The small-scale, remote-controlled drones are still being refined. They are light enough to be launched by hand and fly a pre-programmed route of up to 20km (12.5 miles), filming the ground below with stills or video camera.
Operational costs are minimal. Electric batteries drive the aircraft, rechargeable from the grid in about half an hour. That should make them affordable for conservationists in developing countries where budgets for wildlife protection tend to be modest.
"The whole idea," Dr Wich said, "is that people can run them for very low cost."
Test flights have just been completed in Nepal. Next comes training. Operational use should start in a few months' time.
Success in Nepal could help to kindle interest elsewhere.
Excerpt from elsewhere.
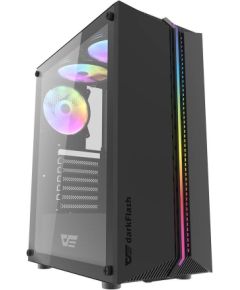 Darkflash DK151 computer case LED with 3 fan (black)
The drones were first used, with success, in Indonesia to track orangutans and other vulnerable species and to monitor deforestation.
Drones may also help with the broader issue of habitat destruction.
Regular flights can monitor changes to park boundaries, for example, and help in the long-term battle against encroachment.
I found two versions of a promotional video filmed from a conservation drone. One includes the buzz-saw-like audio of the aircraft’s motor, which is pretty annoying. There’s a different version with a dubbed guitar soundtrack, which you will find below:
For those of you – like me – who are drone dweebs, there's a website about conservation drones, which states:
“The mission of this website is to share our knowledge for building low-cost Conservation Drones to help conservation workers and researchers in developing countries do their jobs a lot more effectively and cost efficiently.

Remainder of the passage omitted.